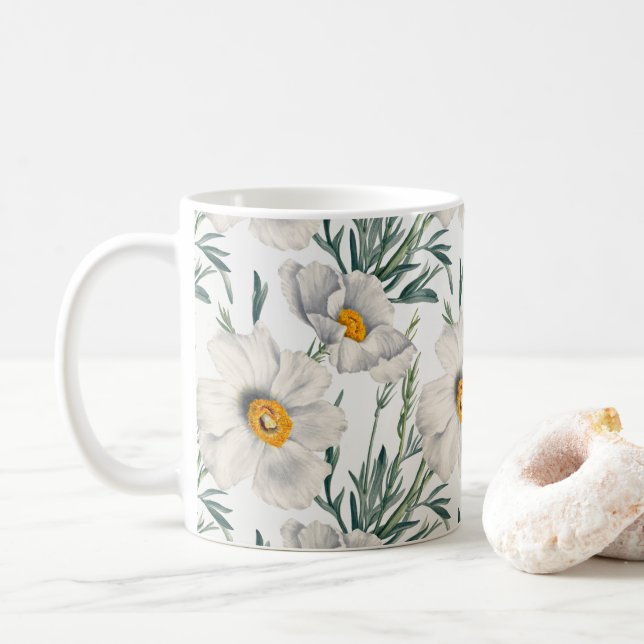 White California Träd Poppy Flowers Mönster Kaffemugg (Med munk)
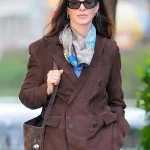 Anne Hathaway The Devil Wears Prada 2 Suede Leather Blazer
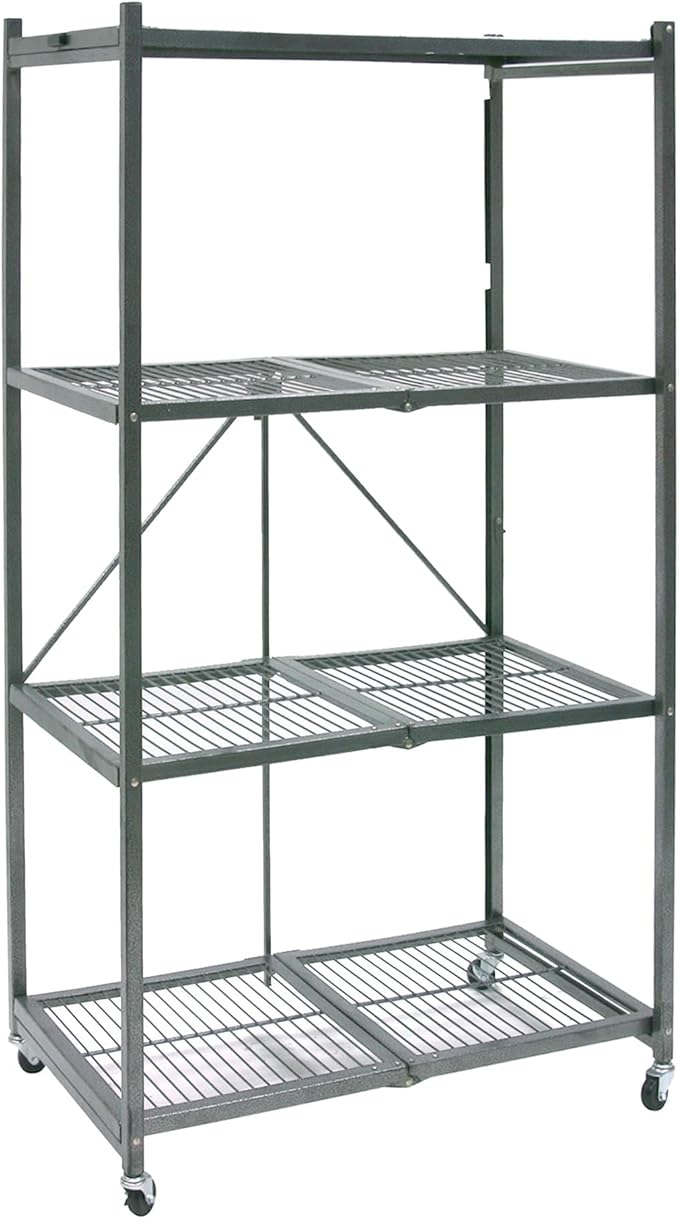 Origami R5 4-Shelf Heavy-Duty Folding Storage Rack, Pewter - Large Foldable Metal Shelving Unit with Wheels for Garage, Pantry, Basement, Laundry Room or Warehouse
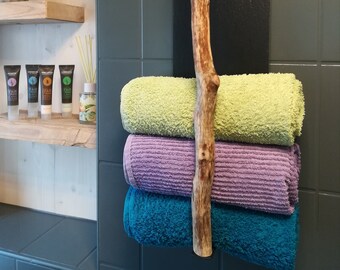 Natural wood towel holder, slate towel storage, towel cabinet, bathroom furniture, towel hooks, wall shelf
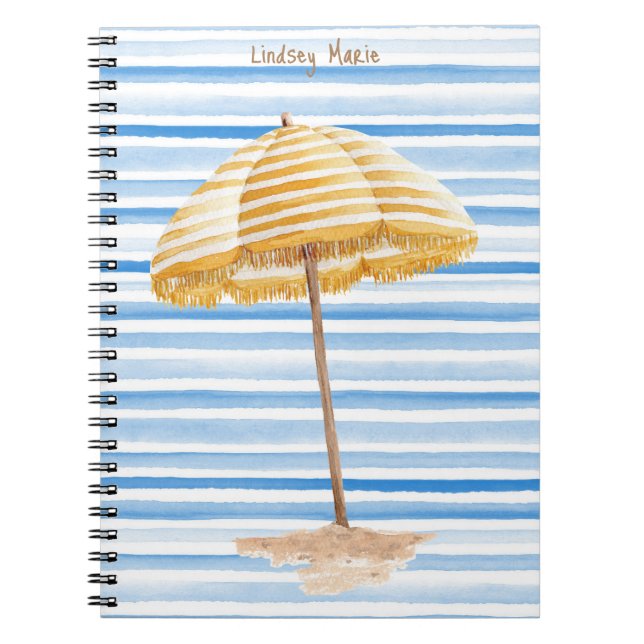 Caderno Espiral Notebook com guarda-chuva personalizado com aquare (Frente)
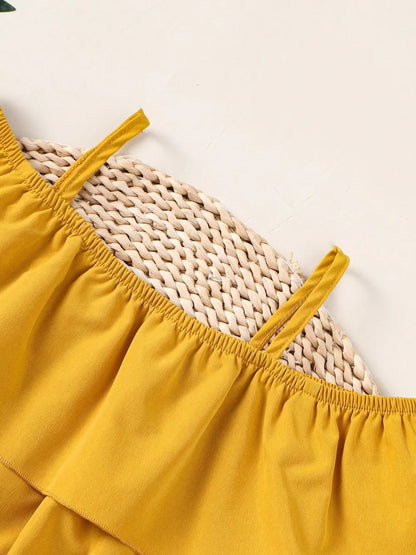 Children's Ruffled Spaghetti Strap Top and Pants Set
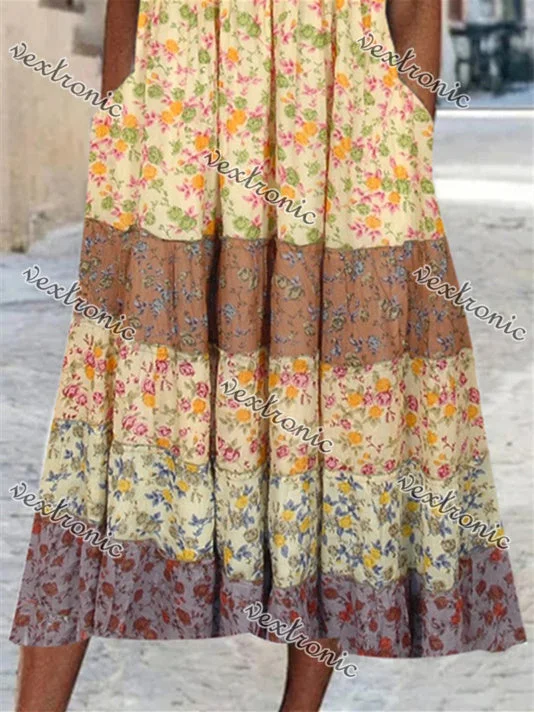 Women Short Sleeve Scoop Neck Floral Printed Stitching Maxi Dress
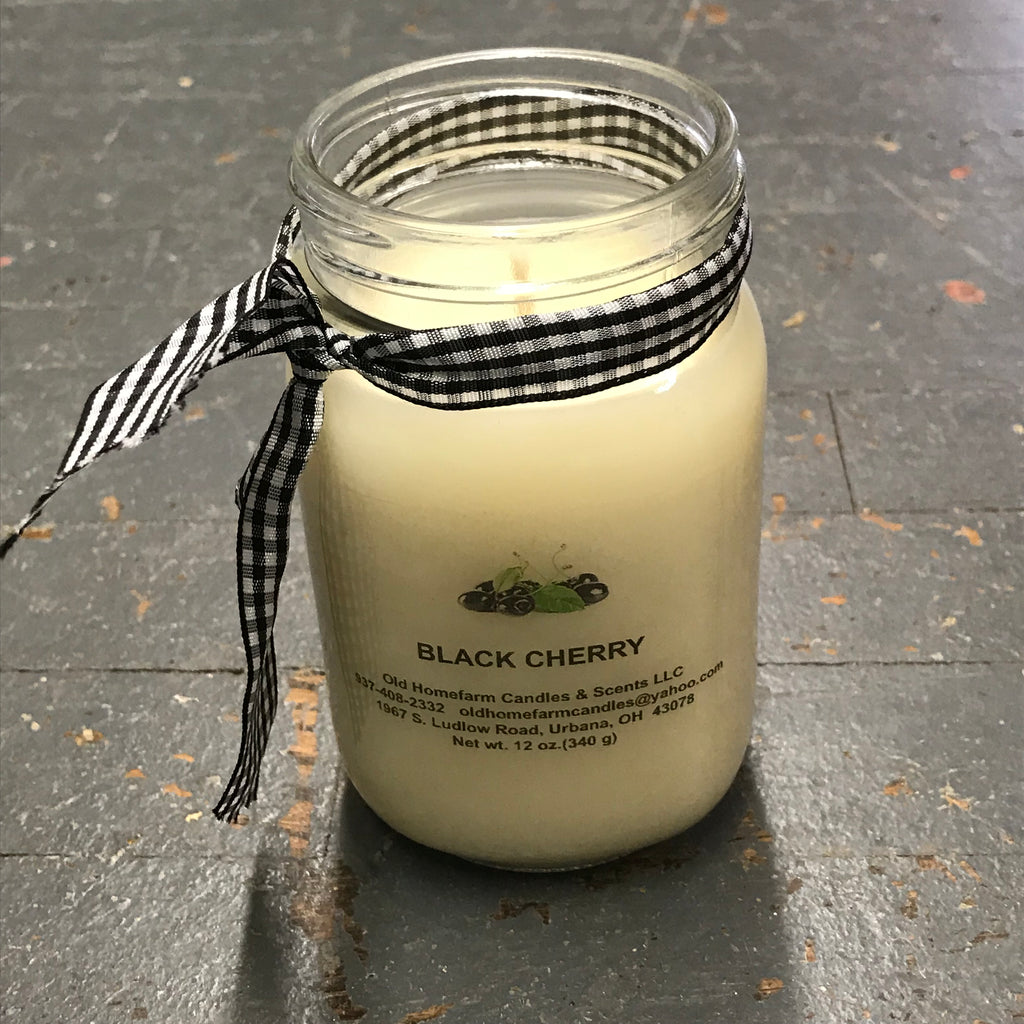 Black Cherry Old Homefarm Mason Jar Soy Candle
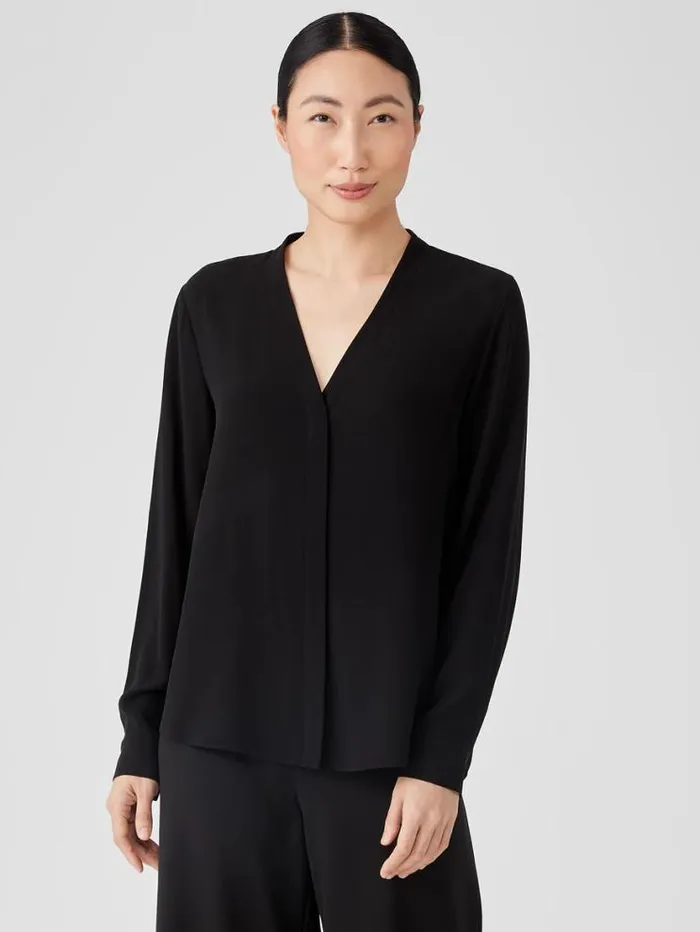 Eileen Fisher Tops and Tees Silk Georgette Crepe VNeck Shirt Black 8211 Shop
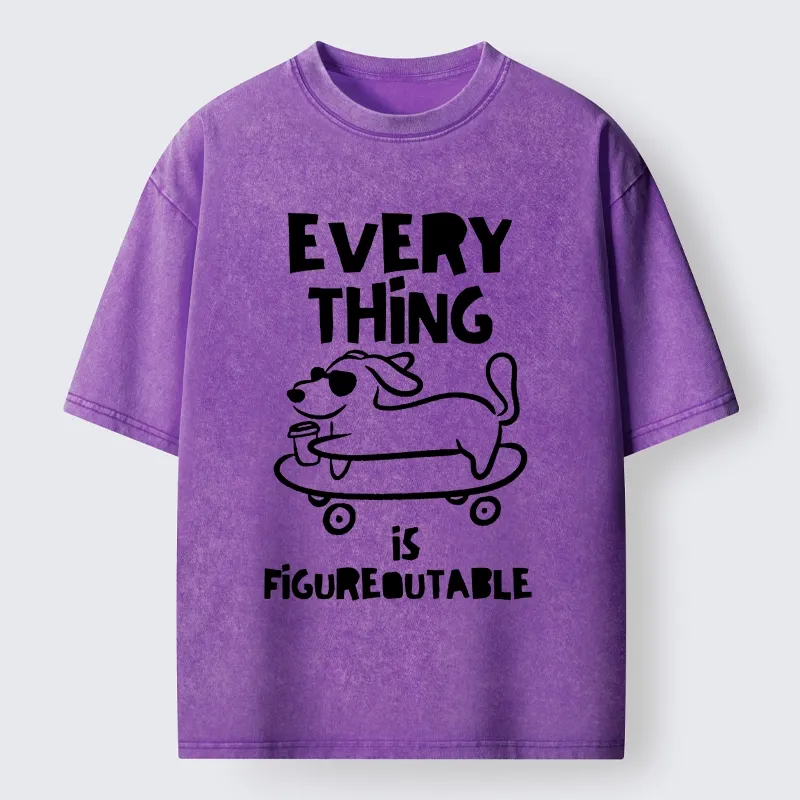 Tokyo-Tiger Cool Shades Dog Master Life Troubles Easily Washed T-Shirt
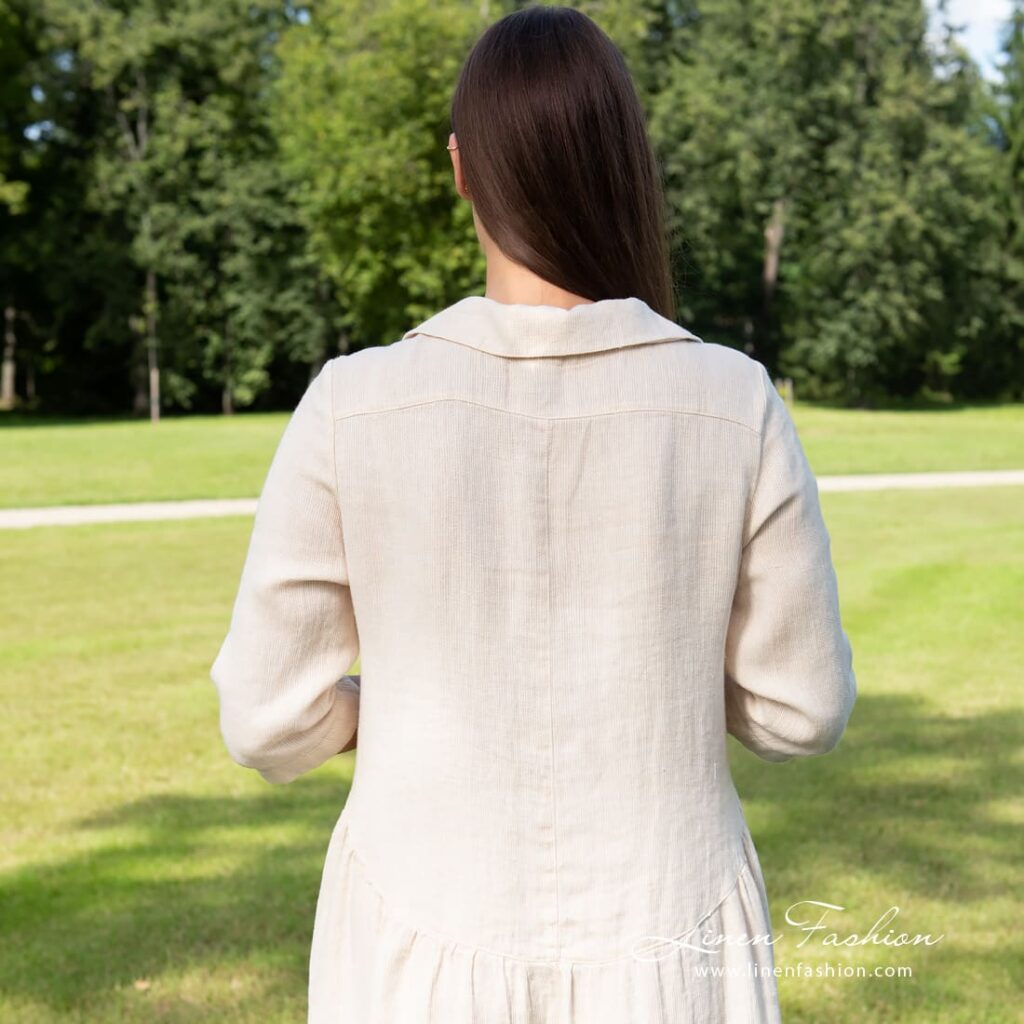 Light sand linen dress from the backside
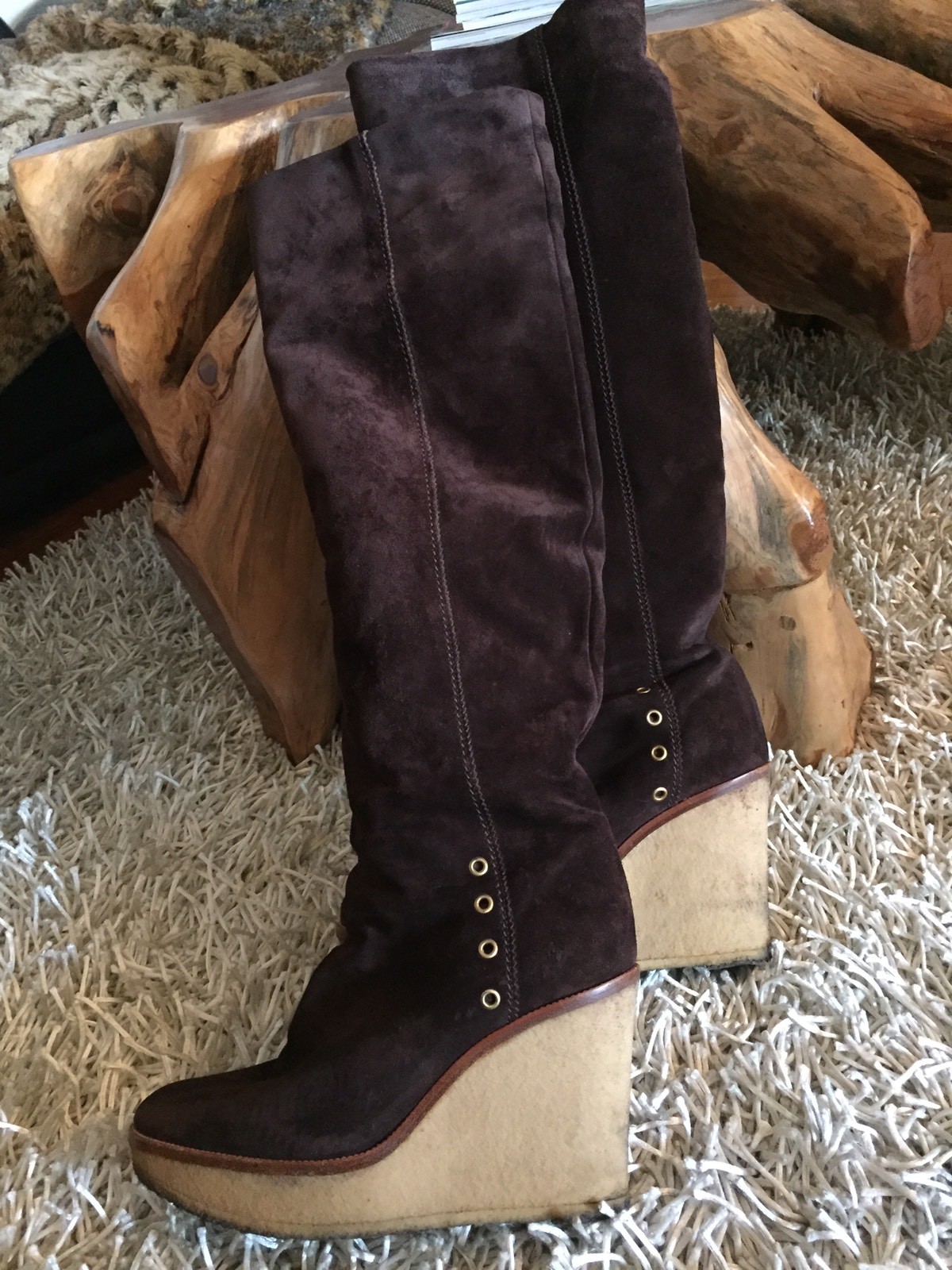 SAINT LAURENT Stivali overknee pelliccia di agnello di YvesSaintLaurent taglia 41 (40 40 5) TOP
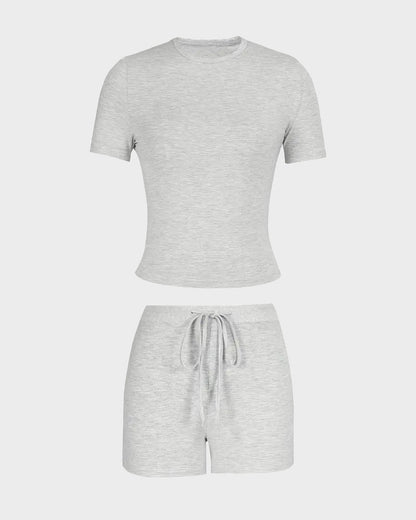 Solid Color Round Neck Casual Two-Piece Set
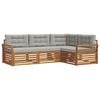 vidaXL Ensemble de canap&eacute;s d'ext&eacute;rieur 4 pcs Gris Naturel et Clair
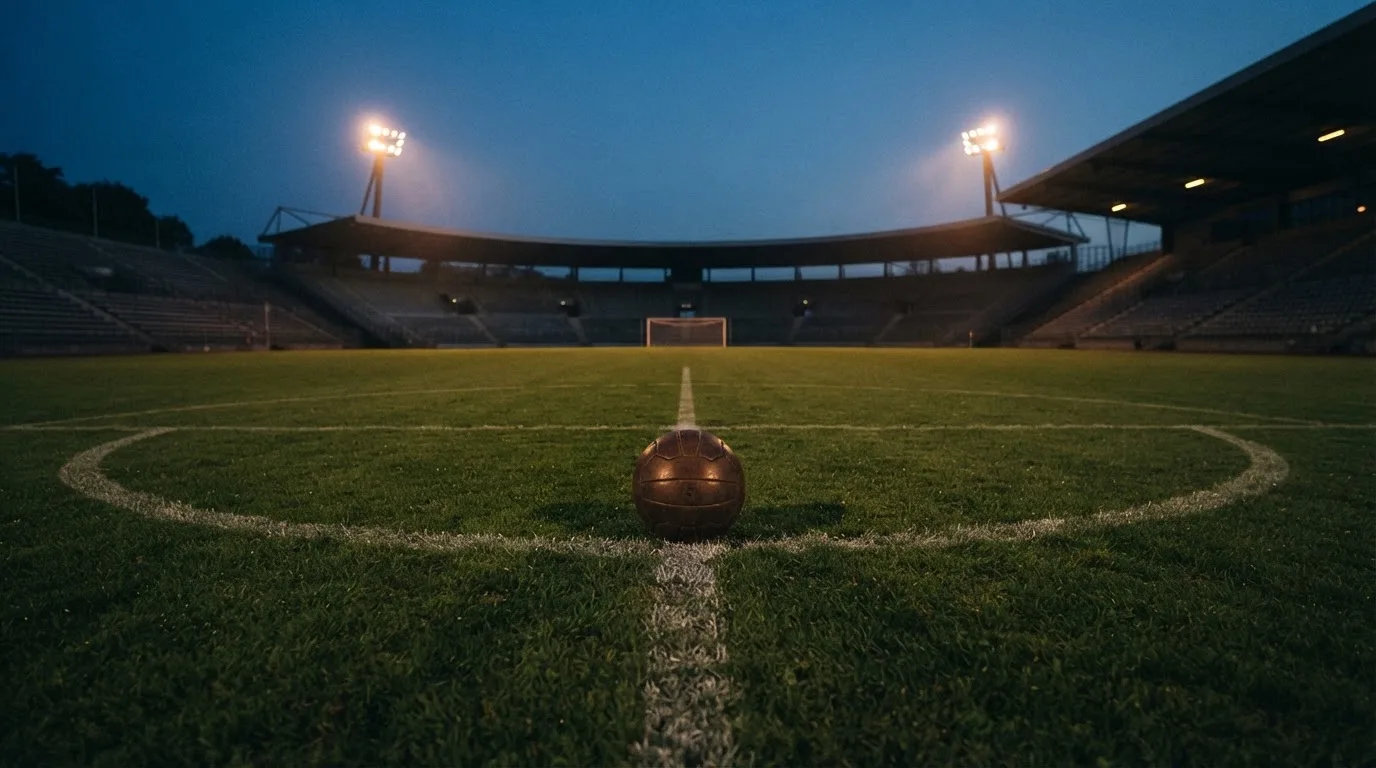 Ein Fußball liegt auf dem Mittelkreis eines leeren Rasenplatzes unter Flutlicht am frühen Abend, die Tribünen sind nur schemenhaft zu erkennen.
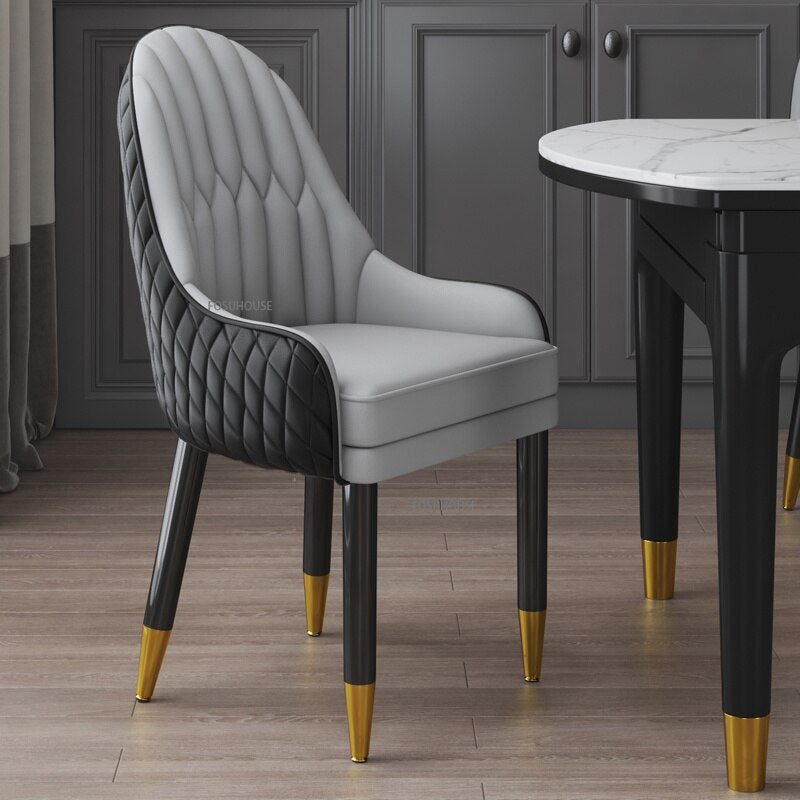 Dining Chairs Modern Leather Stühle Home Light Luxury Solid Wood Esszimmerstühle Chair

+++++

Task to complete :: With the pictures excluded, transcribe word for word only the lines from the one containing "Anne Hathaway The" through the last line of the records.

Task result ::
 Anne Hathaway The Devil Wears Prada 2 Suede Leather Blazer
 Origami R5 4-Shelf Heavy-Duty Folding Storage Rack, Pewter - Large Foldable Metal Shelving Unit with Wheels for Garage, Pantry, Basement, Laundry Room or Warehouse
 Natural wood towel holder, slate towel storage, towel cabinet, bathroom furniture, towel hooks, wall shelf
 Caderno Espiral Notebook com guarda-chuva personalizado com aquare (Frente)
 Children's Ruffled Spaghetti Strap Top and Pants Set
 Women Short Sleeve Scoop Neck Floral Printed Stitching Maxi Dress
 Black Cherry Old Homefarm Mason Jar Soy Candle
 Eileen Fisher Tops and Tees Silk Georgette Crepe VNeck Shirt Black 8211 Shop
 Tokyo-Tiger Cool Shades Dog Master Life Troubles Easily Washed T-Shirt
 Light sand linen dress from the backside
 SAINT LAURENT Stivali overknee pelliccia di agnello di YvesSaintLaurent taglia 41 (40 40 5) TOP
 Solid Color Round Neck Casual Two-Piece Set
 vidaXL Ensemble de canap&eacute;s d'ext&eacute;rieur 4 pcs Gris Naturel et Clair
 Ein Fußball liegt auf dem Mittelkreis eines leeren Rasenplatzes unter Flutlicht am frühen Abend, die Tribünen sind nur schemenhaft zu erkennen.
 Dining Chairs Modern Leather Stühle Home Light Luxury Solid Wood Esszimmerstühle Chair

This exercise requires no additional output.